Reproduce only the lines below from the line containing "Government and educational" to the line containing "Example usage. If", exactly as written, with both end lines kept. Omit the pictures.

> TASK INPUT:
* * *

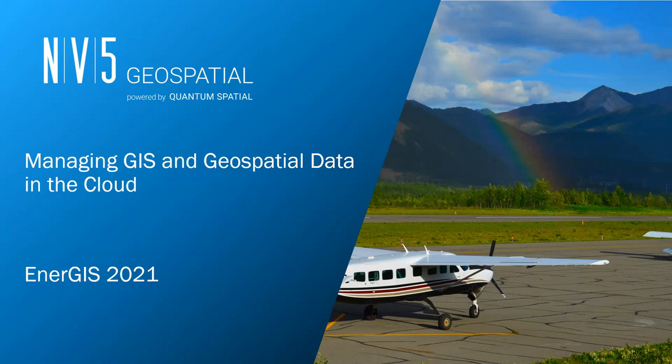Hello and welcome to our presentation on managing GIS and geospatial data in the cloud. NV5 Geospatial is the largest geospatial company in North America. We operate all along the value chain from acquisitions of LiDAR and imagery to processing and applications that allow us to view our analytics and point clouds and imagery.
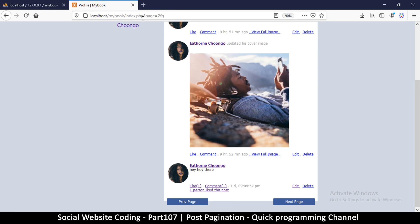We need to reconstruct the URL with a different page number while keeping everything else the same. We'll do that in the next video.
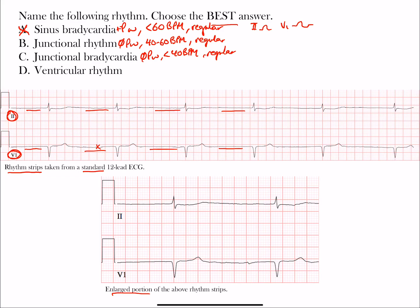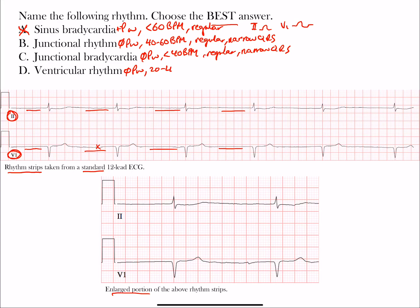Both junctional rhythm and junctional bradycardia tend to have narrow QRS complexes. Now let's talk about ventricular rhythm — also no P waves, though with retrograde conduction you can see P waves, but we don't see that here. A ventricular rhythm has a rate between 20 and 40 beats per minute, is typically a regular rhythm, and has wide QRS complexes — that's what differentiates it from the junctional rhythms above.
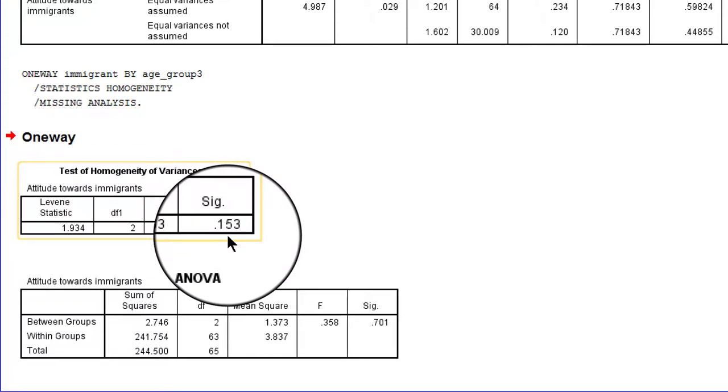So now the result is not statistically significant and we will not reject the null hypothesis that the groups have equal variances in the population.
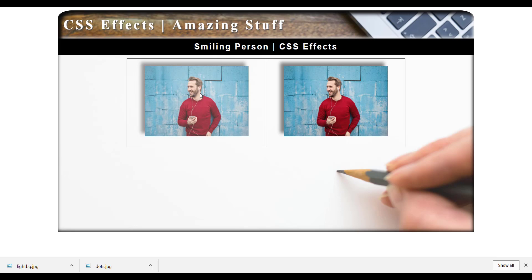So the smaller the number, the more semi-transparent the image is. The larger the number, the closer it is to 1 — the more vibrant and true the image we're going to get, and we're going to be less and less transparent.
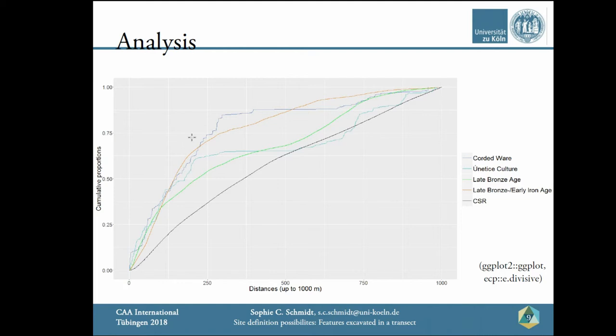The cumulative analysis: I cumulatively sum how often features have a certain distance to each other. On the y-axis you can see the proportion of features that have a distance of x or smaller to one another. The turning point at which the curve flattens — meaning the increase drops and distances grow larger — can in my opinion be interpreted as settlement boundaries. Already in this very simple analysis, different settlement patterns arise, and you can see that the CSR distribution is less clustered than the others.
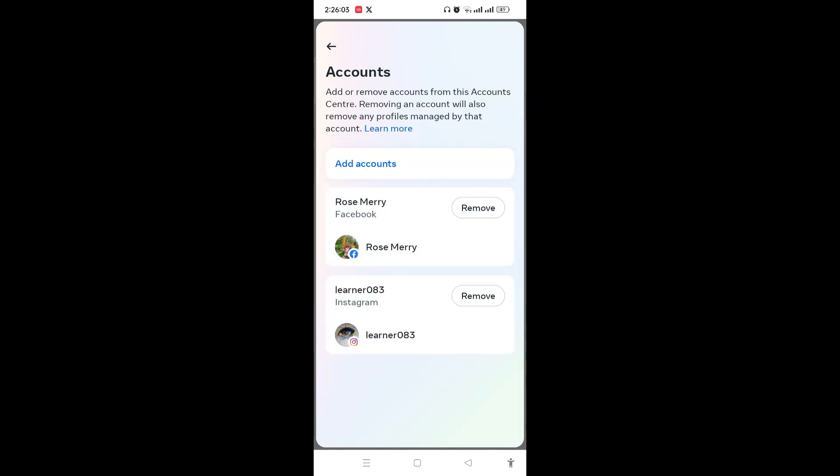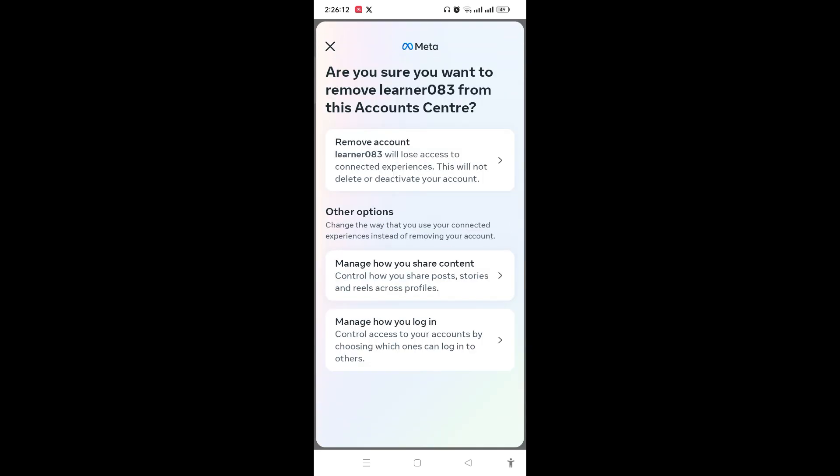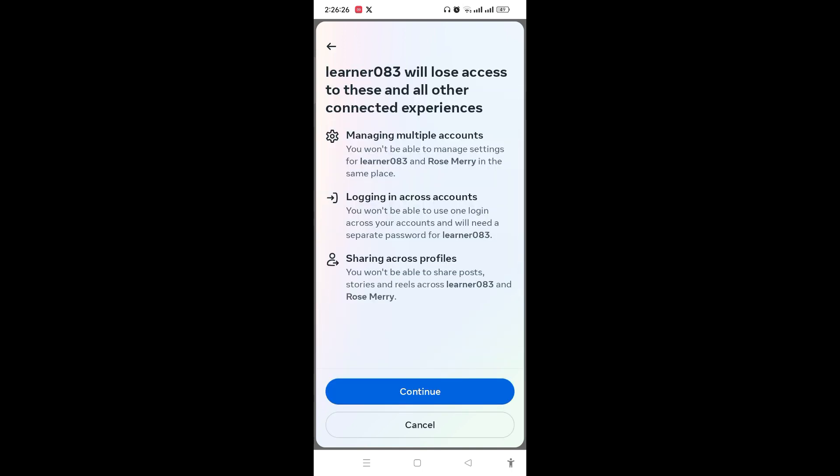Here you can remove your Instagram account. You need to tap on Remove. This shows that if you remove your Instagram account, it will lose access to connected experience. So tap on Remove Account and tap on Continue.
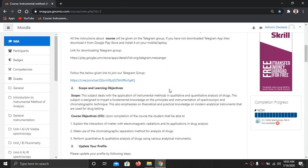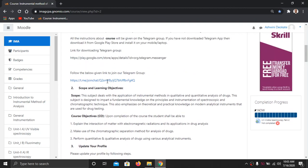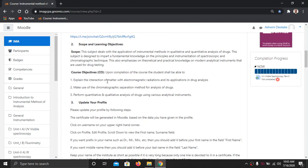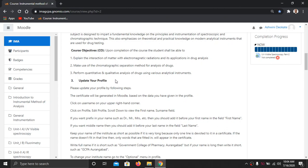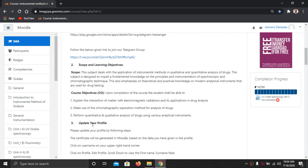In the second section, scope and learning objectives are given for the subject Instrumental Method of Analysis for Seventh B.Pharm, as per the PCI syllabus. The course objectives are given where you can observe what you will be able to learn in this course once you have logged in.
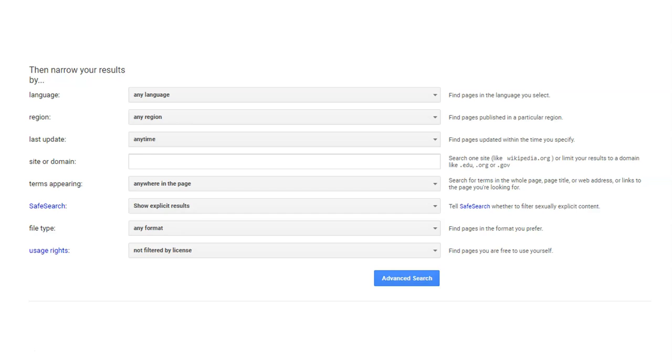Government and educational sites tend to provide some of the best academic information on the web, so you may want to limit your search to one or both of them now. When you click Advanced Search, you'll see a big difference in the results found.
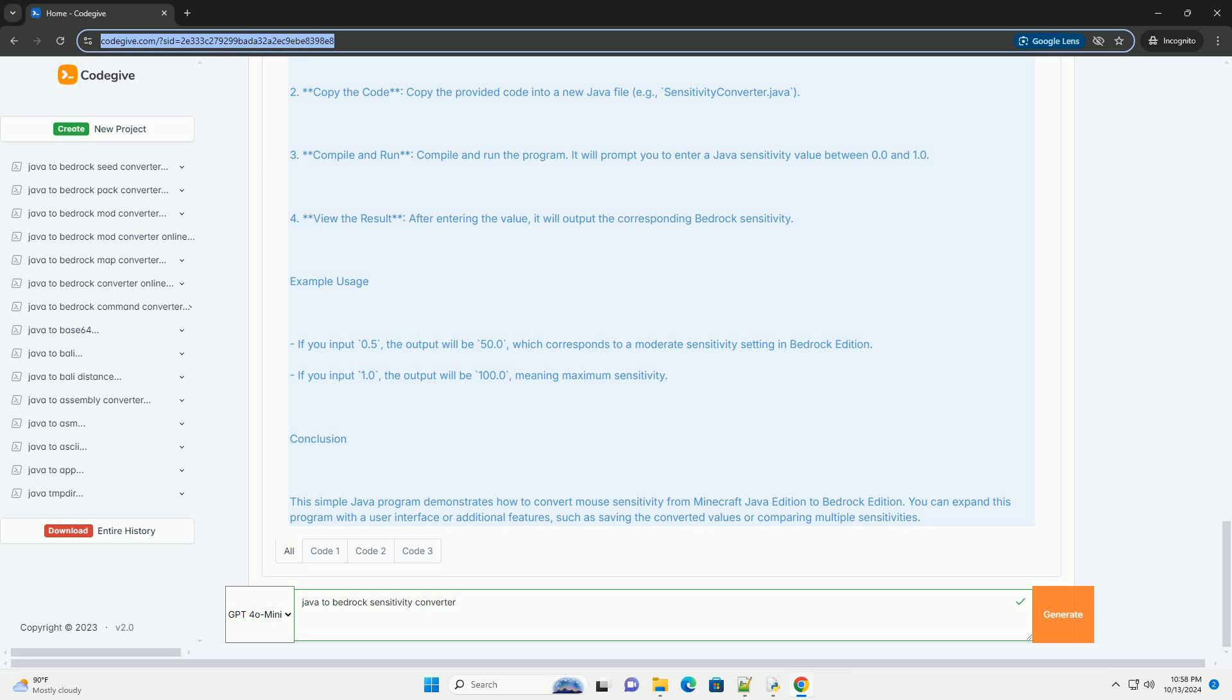Example usage. If you input 0.5, the output will be 50.0, which corresponds to a moderate sensitivity setting in bedrock edition. If you input 1.0, the output will be 100.0, meaning maximum sensitivity.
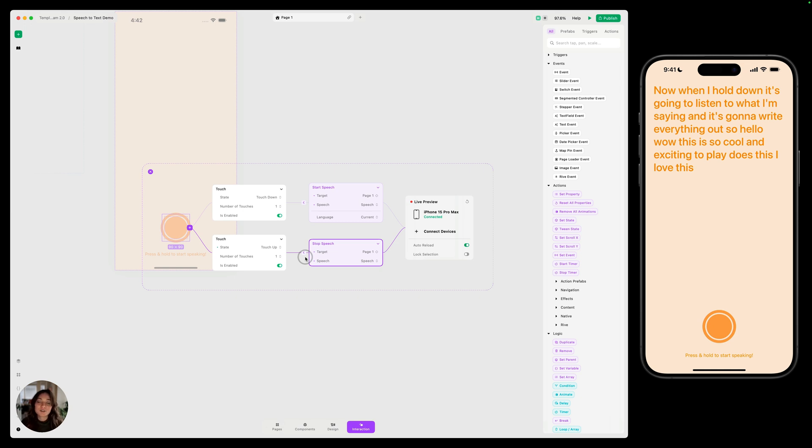And that's how you'll use the speech trigger in Play. We're excited to see how you'll use it in your prototypes. Thanks for watching this video.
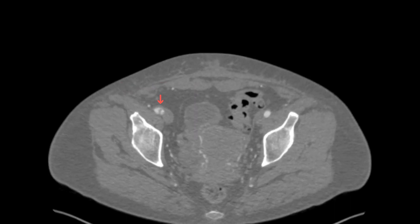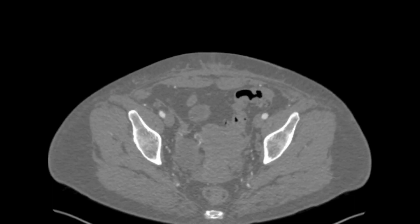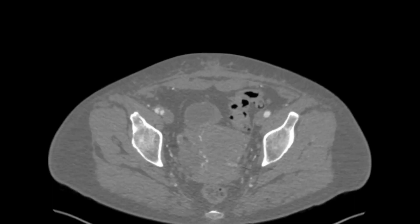The decision was made to take the patient to the operating room for an abdominal aortogram, pelvic angiogram, and a right lower extremity angiogram.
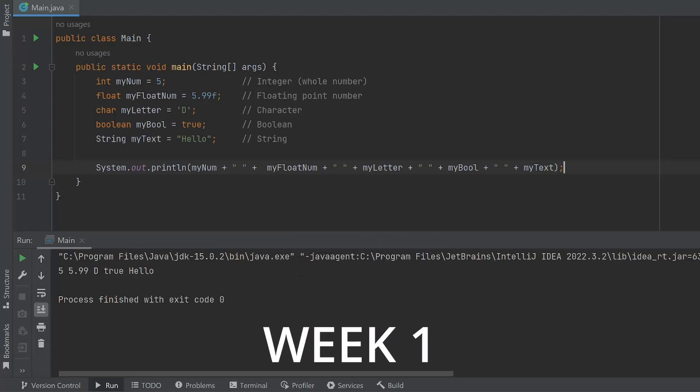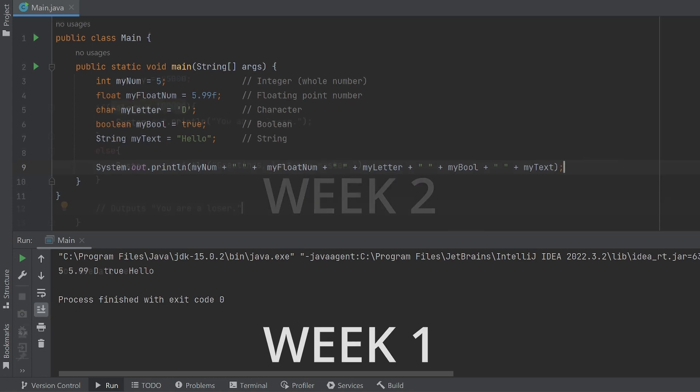Hello everyone. Welcome to Zero to Hero Coding 101. Since this is the first week, we are going to start simple and cover variables and data types in Java.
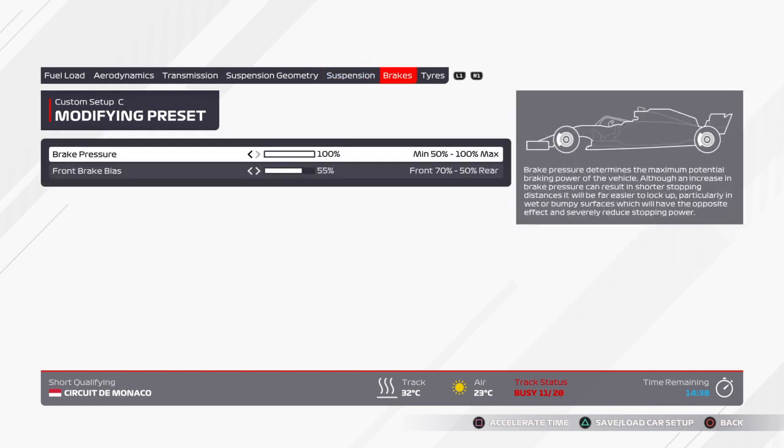Brakes: brake pressure 100%, front brake bias 55%.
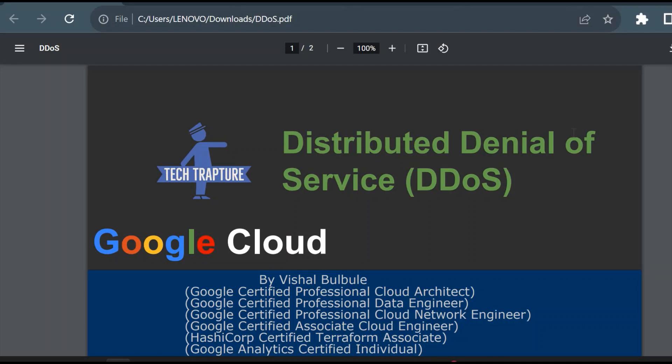Hello all, welcome to TechTrapture. Myself Vishal Bulbule, and in this video we're going to see a very interesting topic: Distributed Denial of Service. This is a kind of technique used by hackers to interrupt service or normal service of any application. There are different kinds of techniques used by hackers, so one of the most popular one is Distributed Denial of Service, which is also called DDoS.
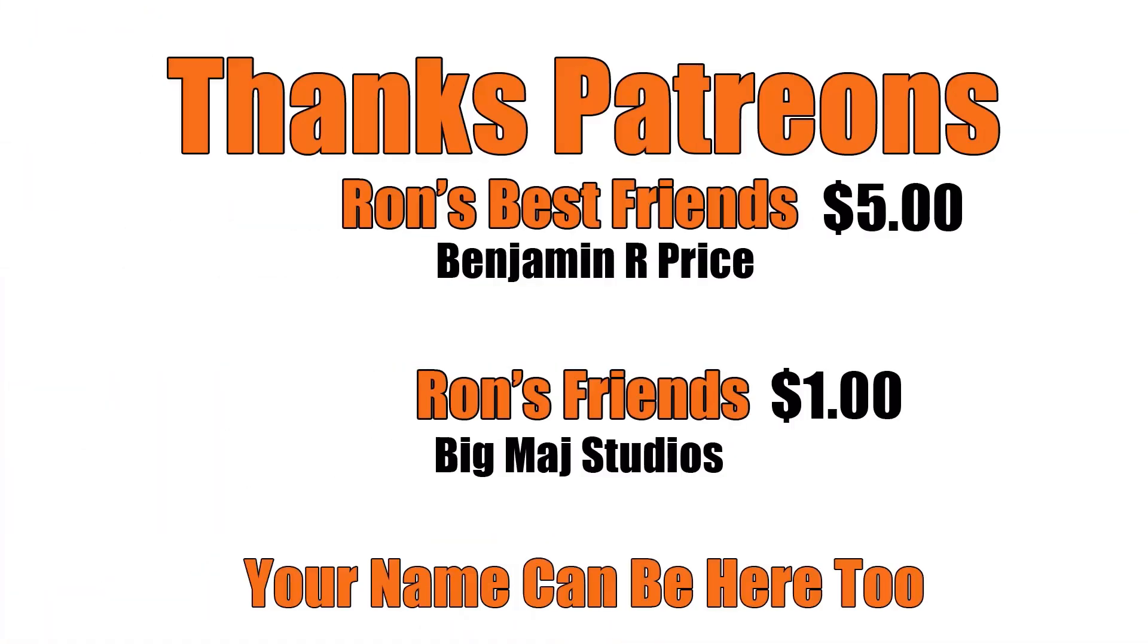Thanks, Patrons, and a special shout-out to Ron's Best Friend, Benjamin R. Price. Thanks! Your name can be here too - link below.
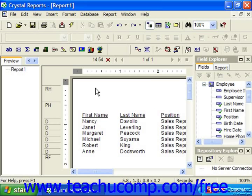At times you may find it necessary to edit the actual formula that is created by the select expert for record selection. This is especially useful when creating multiple criteria that you will join with the OR statement instead of the AND statement, which is the default. To do this, you would first create the needed filters and criteria in the select expert dialog box.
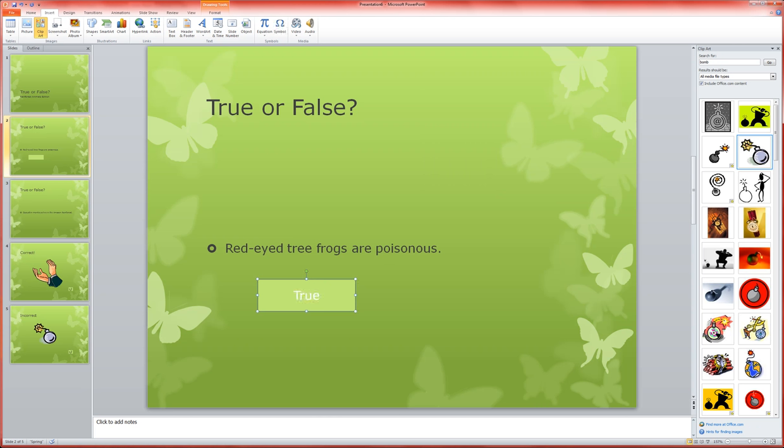So I've made my true button for this question, and it links to the incorrect answer page.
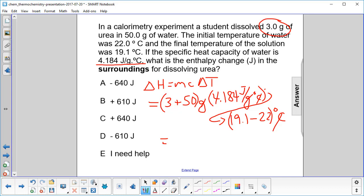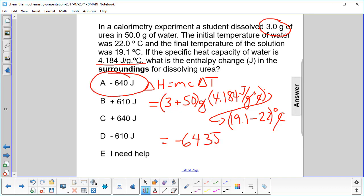We carry out the math and we get negative 643 joules. We're only allowed to have 2 sig figs, so your answer is going to be A.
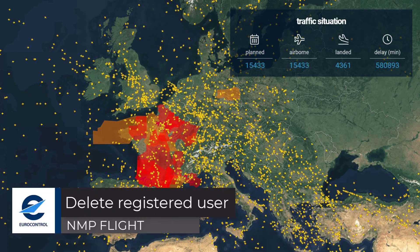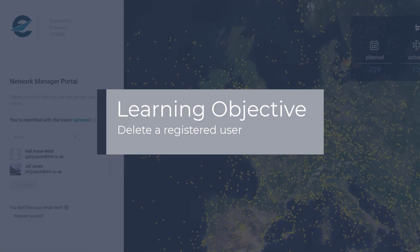Welcome to this NMP Flight video tutorial. This tutorial will look at how to delete a registered person in the application.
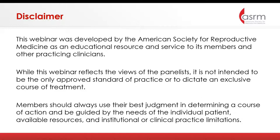Members should always use their best judgment in determining a course of action and be guided by the needs of the individual patient, available resources, and institutional or clinical practice limitations. All attendees will be muted except the presenters. Time at the end of the presentation will be reserved for questions. A recording of this webinar will be archived on the ASRM website in the coming weeks.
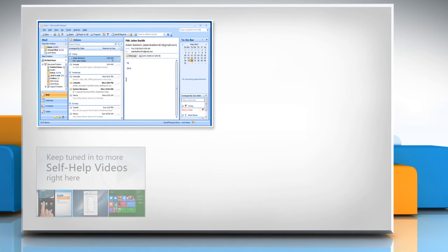Check out our iYogi channel for self-help videos on Windows, Mac, Smartphones, Security, Social Media, and much more.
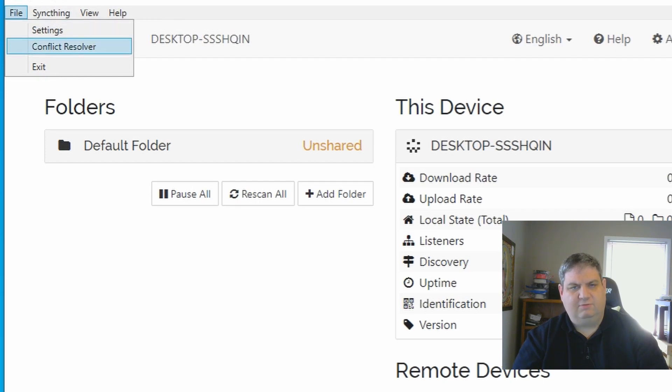And there's a conflict resolver. In the next video, I'll show you how to sync folders between computers and devices.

* * *

> SOLUTION FOR THIS TASK:
Government and educational sites tend to provide some of the best academic information on the web, so you may want to limit your search to one or both of them now. When you click Advanced Search, you'll see a big difference in the results found.
Example usage. If you input 0.5, the output will be 50.0, which corresponds to a moderate sensitivity setting in bedrock edition. If you input 1.0, the output will be 100.0, meaning maximum sensitivity.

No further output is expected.